Morgan Stanley raised their price target to $582 after naming Seagate their top choice for IT hardware. A year ago, this amount would have seemed aggressive, but now it just seems like a reasonable destination on a trend that is already gaining traction. Citing faster potential margin expansion, they selected Seagate over competitor Western Digital.
Although Western Digital and Micron both rose on the same news, indicating institutional money is positioning across the category rather than making a single bet, it’s still unclear whether the larger storage sector will benefit equally. Analysts at Morgan Stanley wrote that the lack of memory and storage components might last until 2028. That is a multi-year structural setup, not a quarter or two of advantageous pricing.
It would be dishonest to ignore the genuine question that lies beneath all of this: has the market already factored in the good news? After a 20% move in just the last 30 days, shares trading close to $453 are not, in the conventional sense, a hidden value play. According to a note from Morgan Stanley, investors “continue to under-appreciate the fundamental strength” of the storage shortage; however, analysts claiming that the market has undervalued something also tend to oversell bull cases.
However, the TIKR valuation model indicates a target price of about $532, which implies an increase of about 24% from current levels. With a revenue growth forecast of almost 39% for the upcoming year, the company does not appear to be at a standstill.
It’s difficult to ignore the fact that Seagate’s tale rhymes with something more established and well-known. During the California Gold Rush, the businesses that prevailed were frequently those that sold picks and shovels rather than those that dug.
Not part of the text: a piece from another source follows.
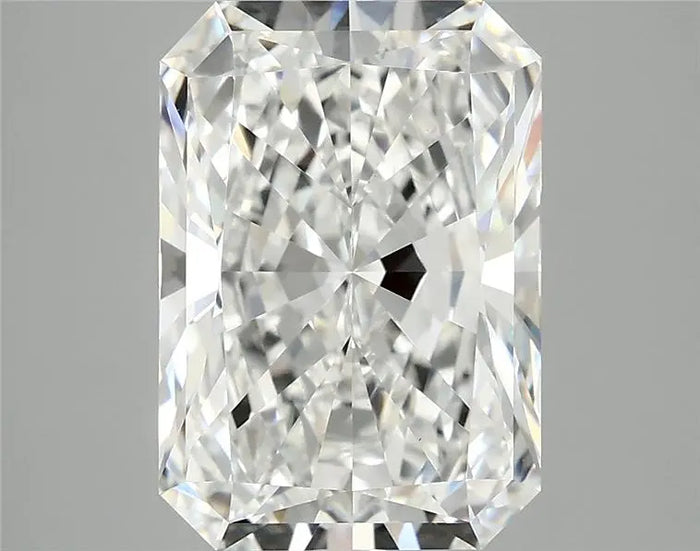 4.90 Carat · RADIANT · E · VVS2 · IGI · Excellent Cut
Seagate creates the containers that hold data, which is actually turning into the AI economy’s operating resource. With coverage up 31% over the last year and 76% of ratings at Buy or higher, this framing is currently influencing analyst sentiment.
Higher targets indicate new highs to come, while the revision trend points to a price range in the high $300s to mid $400s as a floor. Execution—that is, whether the HAMR roadmap produces what Mosley believes it will—will determine whether the stock meets those goals. However, it’s evident that the market is paying attention for the time being.